Fred Mills doesn't just recount a structural failure; he exposes how political desperation and financial incentives can override the immutable laws of physics. While many reports focus on the engineering specs of the Ituango Dam, Mills anchors the disaster in the human and historical context of Colombia's most violent region, arguing that the dam was never just a power plant—it was a geopolitical gamble that went catastrophically wrong.

The Weight of History

Mills begins by establishing the sheer scale of the ambition before revealing the fragility of the foundation. He notes that the project was "Central to Colombia's ambitions to become energy independent and part of its massive infrastructure building boom." This framing is crucial because it explains why the stakes were so high. The author details a population boom that added the equivalent of Australia's entire population to Colombia in just a few decades, creating a desperate need for power that the aging grid could not meet.

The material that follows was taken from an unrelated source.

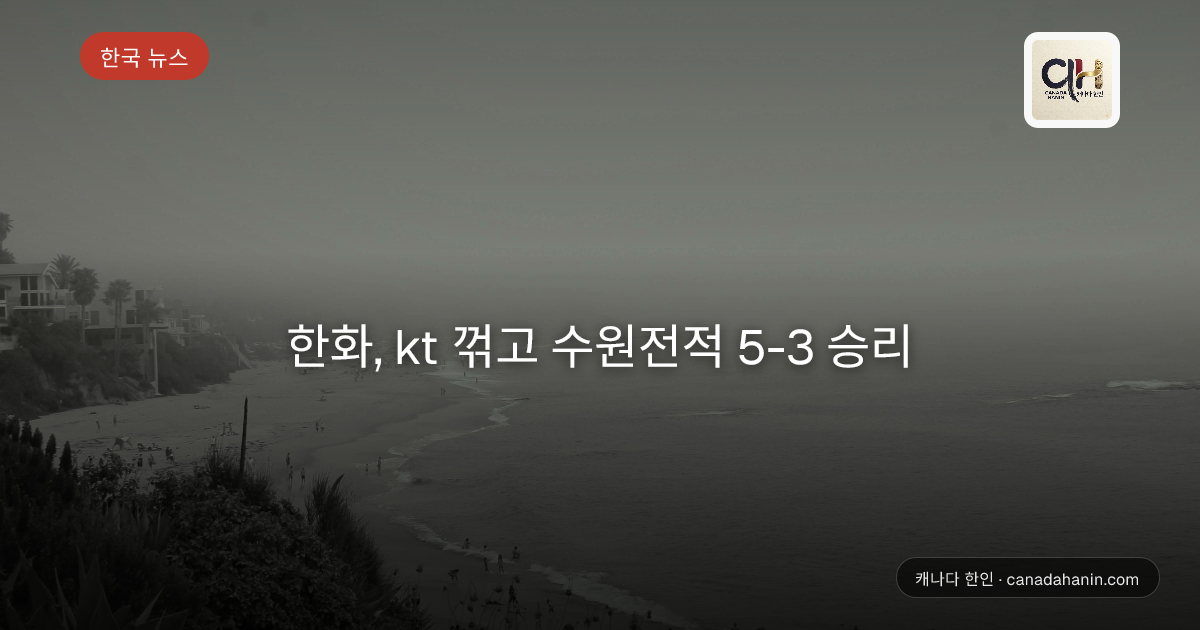 한화, kt 꺾고 수원전적 5-3 승리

Why Colombia’s $4bn dam broke

The narrative takes a darker turn as Mills connects the construction site to the region's bloody past. He writes, "The dam's reservoir is thought to cover dozens of mass graves," citing estimates of thousands of murders and forced disappearances in the area between 1990 and 2016. This is not merely background color; it is the core of the tragedy. The government marketed the dam as a path to peace, yet the construction process was marred by corruption and rushed timelines. Mills points out that the project was "marketed by the government as a step forward from that violence," a claim that rings hollow when the site itself is built over a graveyard. Critics might argue that infrastructure development inevitably displaces communities and disrupts history, but Mills effectively demonstrates that in this case, the political urgency to "bring peace and prosperity" blinded engineers to the very real risks of building on such unstable ground.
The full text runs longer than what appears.